Movie: Trade of Innocents (2012)

Why is self righteous indignation the preserve of the White West? Only if Edward Said was around to watch this film.

Cambodia. Child prostitution is rife. Since the local officials can’t deal with it, they hire an American human trafficking expert to clean up their house. He has personal interest in the matter after he lost his young daughter to kidnappers (in the US, surprisingly) when he was on duty in Afghanistan.

So it begins. No one in Cambodia wants to do anything about it. “You Americans don’t know anything about the Asian culture.
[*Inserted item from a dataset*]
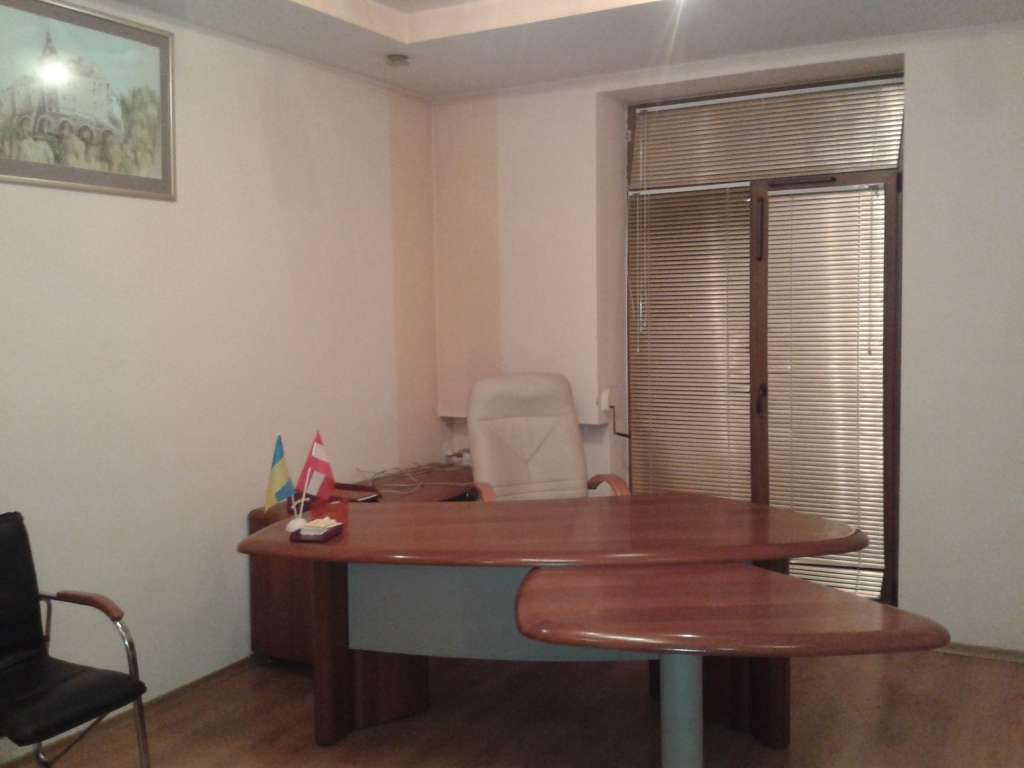 Sell office. Львов, Вітовського — photo 4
The best way to survive is to remain silent”, tells the Cambodian police chief who is deputed to the American agent to assist in operations. “You think by capturing one criminal you can change the system?”, he asks again of the American later in the film.
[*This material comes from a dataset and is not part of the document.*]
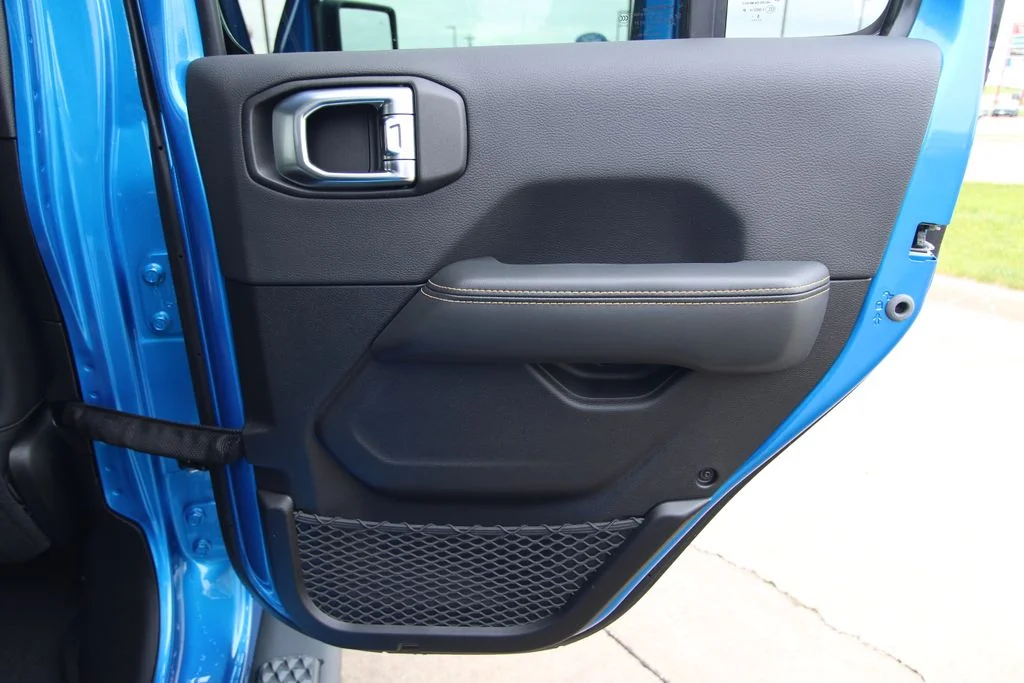 New 2026 Hydro Blue Pearlcoat Jeep Sahara image 44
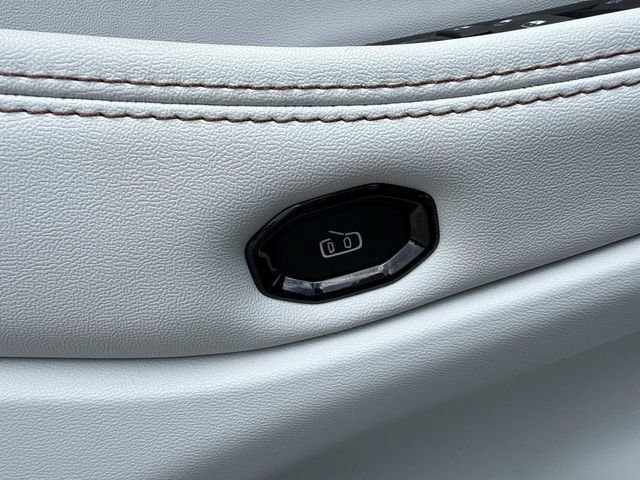 New 2026 Jeep Cherokee Limited AWD/4WD image 19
Nearly all local Cambodians seem to be indifferent to the problem of child prostitution which should suddenly ignites massive levels of indignation and sorrow in the human heart. Those few who seem to want to do something about it are staff of the American agent and, one would think, doing it for money. Their good motives if any do not find expression in the film’s narrative. Moreover, only one grandpa and his granddaughter who put some resistance are shown to be Cambodian-Americans, who left America for Cambodia after some family tragedy befell them.
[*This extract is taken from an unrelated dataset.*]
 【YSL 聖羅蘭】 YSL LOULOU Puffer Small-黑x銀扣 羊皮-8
To give some credit to the film and on a positive note, it does show us how acute poverty turns out to play its role. Even those few girls who are rescued eventually leave rehabilitation centres to go back to brothels so that “they can provide for their families”. Compulsions of basic survival probably blinds parents who are depicted as willing to sell their daughters to traffickers without a hint of pain and a trace of shame.

Even if I ignore old school Orientalism and judge it by the merits of good film making, it still falls way short of anything worth applauding. It’s a blandly linear plot with oversimplified scene of the capturing of the ringleader. Happy ending!! I’d say 1/5 but I’m generous  so 2/5.